Thursday, September 28, 2017

Letting Vacation Change You

We spent last week on vacation at the beach.  It  felt a little strange, planning a beach vacation in September because it was almost fall here, kinda, some of the time.  But we wanted to take advantage of Luke's last year not in school which means vacationing during the school year. (I'm going to miss that SO MUCH.) 

So one weekend we went to the lake to bring home the jet ski.  I wore pants and a sweatshirt all weekend and had piles of blankets to sleep.  A week later we left for the beach where I didn't even take pants and never wore the one (thin) sweatshirt I did pack.  Only even wore t-shirts (non-tank tops or swimsuit) to sleep and on the (LONG) drive down and back.  And, of course, it was in the high 80s at home while we were gone.  We came home and immediately turned on the AC and it hasn't been off yet.  Even I'm ok with AC when it's hitting 90° during the day.

I love traveling and we've taken many many trips in our married years.  They are always work to prep and I never love our house more than when it's all clean and we are about to leave.  I get pre-homesickness for sure.  I always wonder if we really should be taking a trip (even though it's generally mostly paid for at that point) and why we don't just stay home?  I love being home. 


But I also love to travel.  See new places.  I know I get itchy if our trips are too spread out.   And I haven't regretted a trip yet.
 

As much as I love traveling and being new places (or returning to favorite old places), the best part of these trips is all the family time.  Getting out of our normal routines.  Mostly focusing on just being together (I mean, I also read 15+ hours that week and slept more than 8 hours every night besides the ones we were driving through).  There's no pressure to do housework.  Blog work.  Work work.  We do the bare minimum - in this case, making some meals at the condo, stacking/unpacking the dishwasher, and doing a few loads of laundry to keep the swimsuits, beach towels, and running clothes (briefly) clean.

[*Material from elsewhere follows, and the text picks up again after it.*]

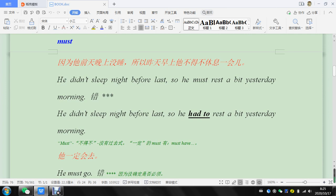He didn't sleep last night, so he must rest a bit. Oh, night before last, so two nights ago. So he must rest a bit.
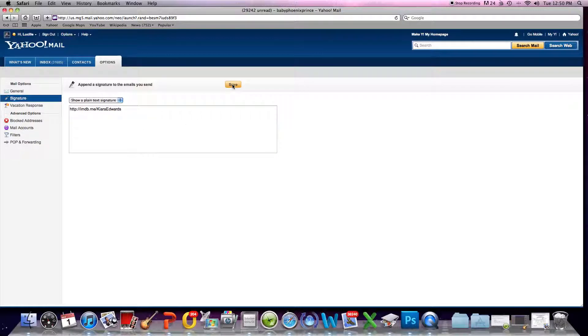Save. Whenever you create an email, that will start showing up.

It's wonderful to have that time to just focus on the family.  Taking Luke to the pool and the beach for hours every day.  Putting down the phone (or leaving it at the condo) for large parts of the day.  Not trying to fit in all these other things we think we have to do each day.  And some of it is necessary.  I do like having a clean house.  I do like doing home improvement projects (or at least the results of them).  We do have to go to the grocery store, occasionally run other errands.  Doctor appointments, play dates, etc.  We can't just run away from our responsibilities full-time.

But for a week it's pretty wonderful. 


I read somewhere that to keep up all this little life improvements even after you get home, you need to immediately make some changes.  I can't just give up cleaning the house.  I definitely can't take Luke to the ocean for hours every day.  But I can charge my phone across our bedroom so I'm not tempted to touch it in bed and hitting snooze is much less convenient.  I can leave it in the other room during the day.  I can not give every text message immediate attention.  I can try to manage my energy levels so I don't spend an hour at the computer in the evening trying to find the motivation to write a blog post while refreshing Facebook or random internet sites.  I can stick do our 9:30pm computer OFF time so I have more time with Matt in the evenings. 

I can't travel year-round and I love being home far too much to do that anyways.  But I can make little, immediate changes so some of those vacation benefits carryover to my real, at home, life.  That's part of the benefit of travel anyways, letting it change how you see the world, even if it's just a little bit.